Week 3 Lecture 1#
5 Principal Component Analysis (PCA)#
5.1 Introduction#
Combining Variables: For instance, given age and height, PCA enables us to merge these variables into a singular, new composite feature.
5.2 Detailed Overview of PCA#
Objective: The purpose of PCA is to identify the line that best captures the spread of the data, or formally, the linear projection that maximizes variance.
Projection Formula: The new component \( Y_{i1} \) for a data point \( X_i \) is a weighted sum of its original variables, \( Y_{i1} = a^T X_i \), where \( a \) is the direction vector of the projection and is a unit vector (\( \|a\|^2 = 1 \)).
Eigenvalues and Eigenvectors:
Consider \( \gamma_1, \ldots, \gamma_p \) as the normalized eigenvectors (each with norm 1) of the covariance matrix \( \Sigma \), corresponding to the eigenvalues \( \lambda_1 \geq \lambda_2 \geq \ldots \geq \lambda_p \).
Note that the direction of \( \gamma_j \) is not uniquely determined; it can be flipped (\( \gamma_j \) can be replaced with \( -\gamma_j \)) without affecting the analysis.
The optimal \( a \) that maximizes the variance of the projected data \( Y_{i1} \) is equal to \( \gamma_1 \), which is associated with the largest eigenvalue.
First Principal Component:
The first principal component \( Y_{i1} \) is the projection onto \( \gamma_1 \), which can be computed as \( Y_{i1} = \gamma_1^T X_i \) for the original variables.

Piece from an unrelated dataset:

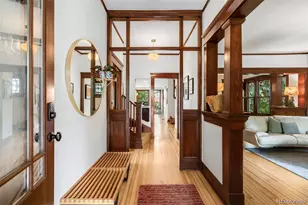 2535 W 35th Ave, Denver, CO 80211 - Photo 36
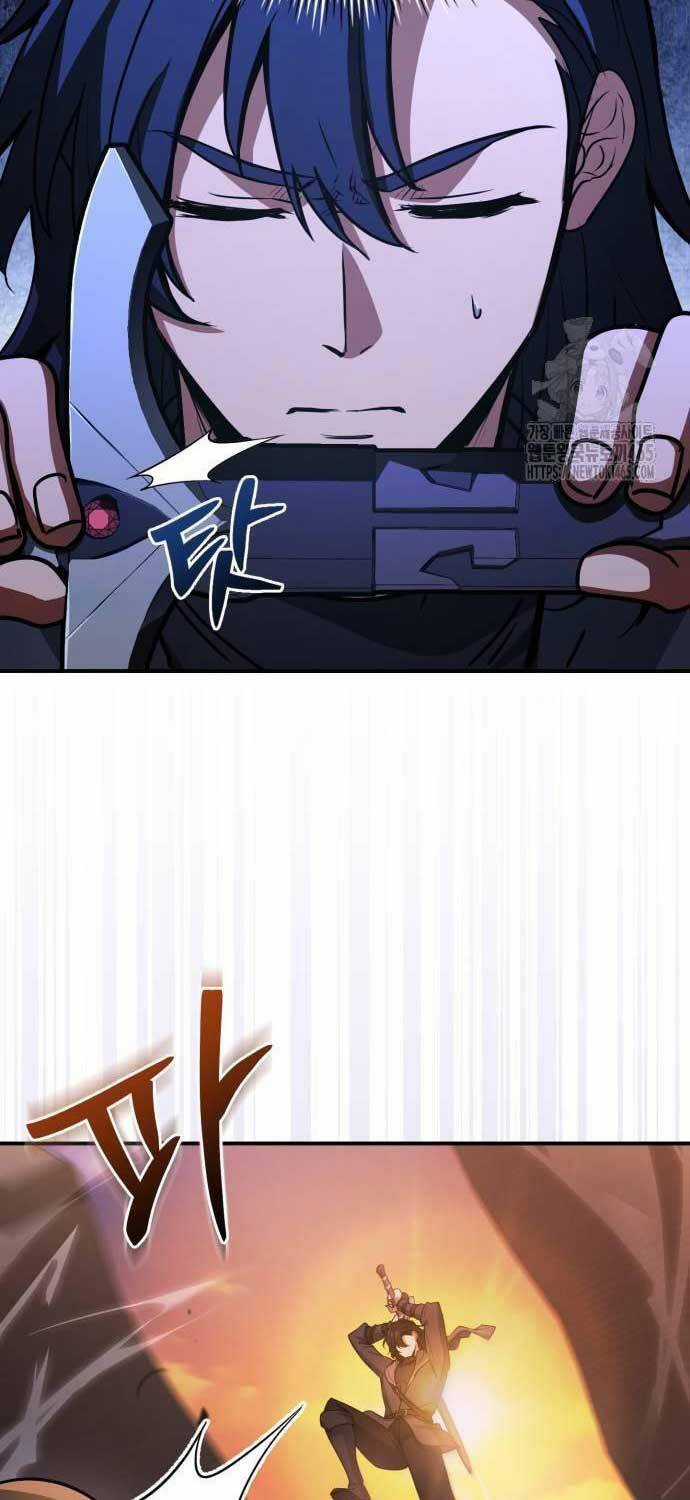 Hoàng Tử Bán Thuốc Chapter 54 trang 94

If the dataset is not centered, \( Y_{i1} \) is adjusted to be \( Y_{i1} = \gamma_1^T (X_i - \mu) \), where \( \mu \) is the mean of \( X_i \).
This first principal component represents the direction along which the data varies the most.
Standard practice involves centering the data by subtracting the mean before computing the principal components.
Subsequent Principal Components:
Subsequent principal components are found by identifying new axes that are orthogonal to the previously determined ones and that capture the maximum remaining variance.
Each principal component \( Y_{ij} \) has an expected value of 0 and a variance \( \lambda_j \), with each \( Y_{ij} \) being uncorrelated to the others (\( \text{cov}(Y_{ik}, Y_{ij}) = 0 \) for \( k \neq j \)).
The variances of the principal components are ordered such that \( \text{var}(Y_{i1}) \geq \text{var}(Y_{i2}) \geq \ldots \geq \text{var}(Y_{ip}) \).
The sum of the variances of all the principal components equals the trace of the covariance matrix \( \Sigma \), and the product of these variances is equal to the determinant of \( \Sigma \).
By redefining the data in terms of these principal components, PCA simplifies the complexity of multidimensional data while retaining the aspects that contribute most to its variance.